MacExpert · December 6, 2025, 4:53pm

I am running NEXT DNS since about a year and its great.
I was able to enable it on my Synology router so all network traffic is protected.

However sometimes you need to turn it off. The easiest way is to Switch to your Guest network that is setup with unfiltered DNS.

thombehrens · January 30, 2026, 2:04pm

A technical note for posterity:

Since getting an iPhone 17 earlier this month, I’ve had a hard time getting iCloud Private Relay and NextDNS to “play nice” together.

This was never a problem on my iPhone 15 Pro. But on the 17, having NextDNS enabled would result in the message “Your wifi network does not support Private Relay” or “Your cellular plan does not support Private Relay” when not on WiFi.

I’m not sure if this is an issue with my config, or Apple if becoming more hostile to third-party DNS providers, since I’m using it to block ads served to me by Apple’s business customers.

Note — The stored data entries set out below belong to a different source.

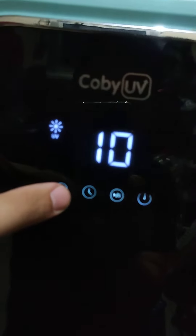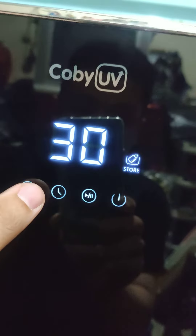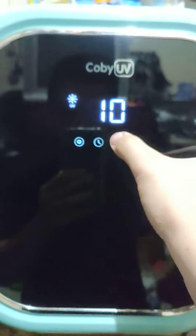Menu-nya ada UV drive, store, auto. Ini yang UV kalau di-play, UV-nya nyala.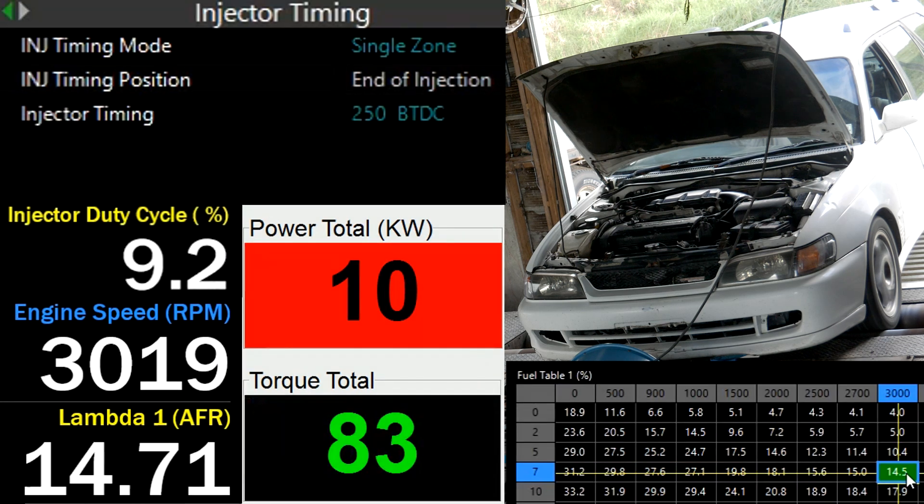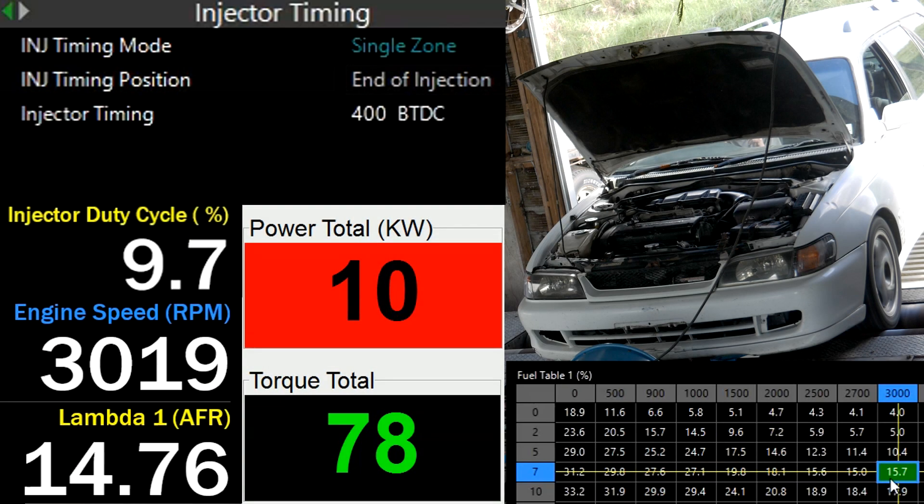I've decided on 250 end of injection and trimmed some fuel out. As you can see, the injector duty cycle has dropped. Now if we go back to the 400 setting we started with, the fuel ratio is the same, injector duty is higher, and we're also making a touch less torque.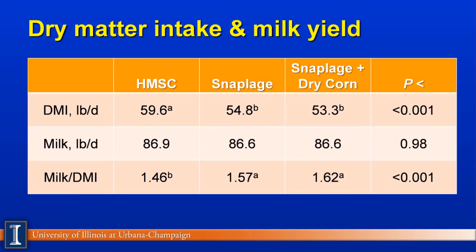They looked at three experiments: high-moisture shell corn, snaplage, and then about two-thirds snaplage with one-third dry corn as their third experimental unit. Dry matter intakes were very good across all groups, with some differences — the high-moisture shell corn had a statistically significantly higher dry matter intake. There was no difference in milk production. There was actually a slight advantage in feed efficiency — milk per unit of dry matter intake — for the snaplage groups due to their lower dry matter intakes, and that difference was highly significant.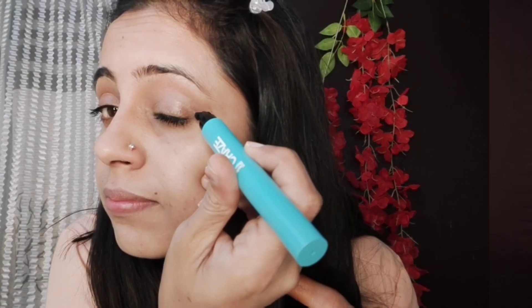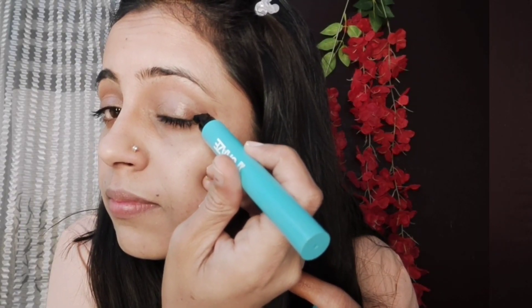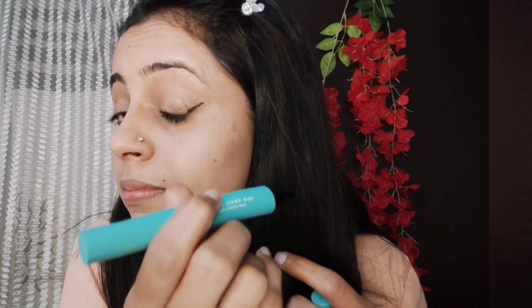One side is a stamp. If you use the stamp, you can draw a wing like you have a beautiful wing applied. It is good quality — you press a little bit and it becomes a beautiful wing. If you are struggling to make a wing eyeliner, this stamp eyeliner works very well. It makes drawing a good wing eyeliner easy. This side gets a thumbs up, especially for beginners — it makes it very easy to use.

Regardless, I was able to restore harmony by adding these domains to my NextDNS allowlist:
*.mask.icloud.com
*.mask-h2.icloud.com
*.mask.apple-dns.net
*.mask-api.fe.apple-dns.net
*.mask-t.apple-dns.net
*.icloud.com

This tells NextDNS to let iCloud Private Relay traffic through when I’m using Safari, while still blocking ads in Apple News and elsewhere.

I saw two other domains mentioned in various troubleshooting threads:
*.apple.com on the allowlist
*.iadsdk.apple.com on the blocklist

I did NOT end up using these two; adding the former to the allowlist continued to let ads in, and adding the latter to the blocklist prevented all images from rendering in Apple News. For me, letting NextDNS default settings handle subdomains for these entries fits my needs.

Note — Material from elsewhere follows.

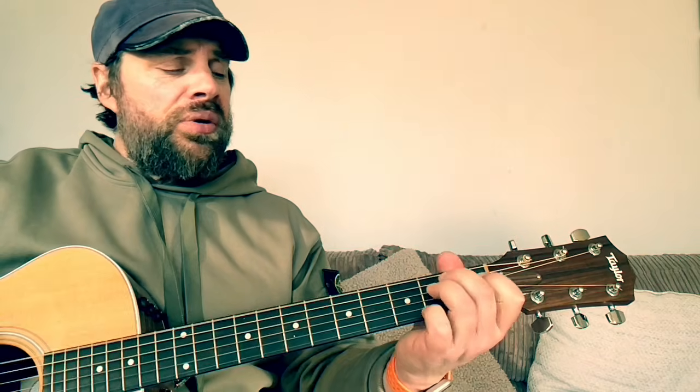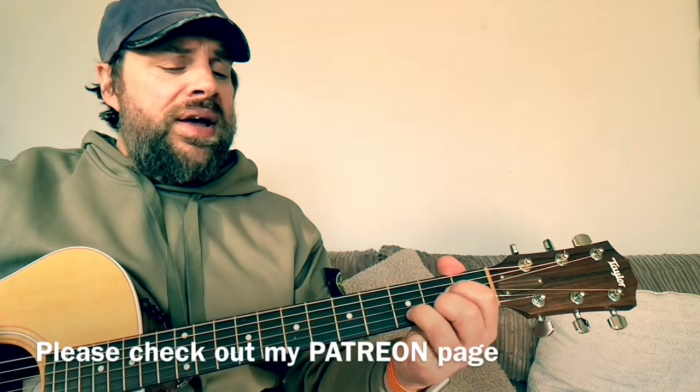The chords to the chorus are going to be a C, an E minor, and a D chord. That's going to go around four times. So what we got: 'It's times like these you learn to live again.'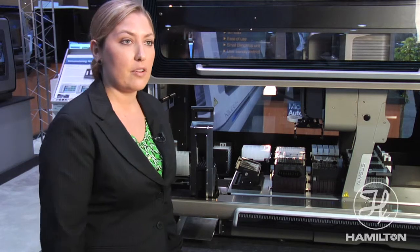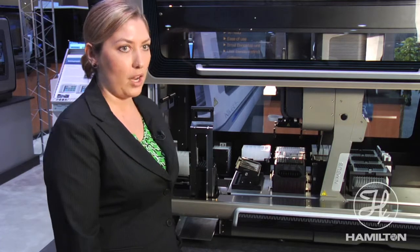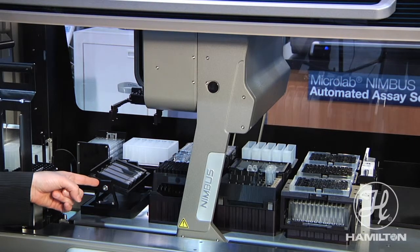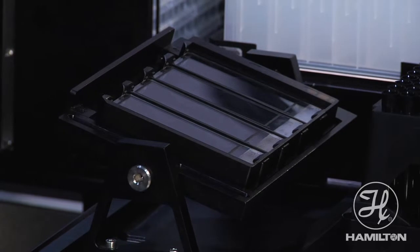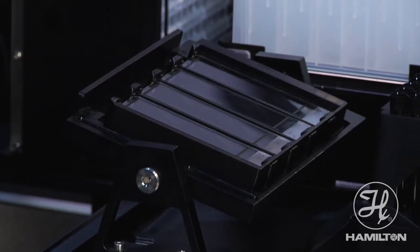Also what sets this platform apart from others is the fact that it can do automated slide washing. This device here is a passive automated slide washer in which our channel can come over and push the slide washer into a tilted position and then dispense your wash reagent.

I hope no one runs into this same issue! It was a bit of a headache, especially because there is a 30-90 second lag before block/allow policies take effect, so testing and debugging was fraught. So if you do face this issue, hopefully this can save you some grief

rob · February 8, 2026, 7:29am

But this means no more ad-blocking (and protection) in Safari?

(By NextDNS; a Safari extension like AdGuard can still block ads?)

thombehrens · February 8, 2026, 8:51pm

Ad blocking in Safari still works!

I also have Wipr turned on, though, so I’m not sure exactly what is covering what.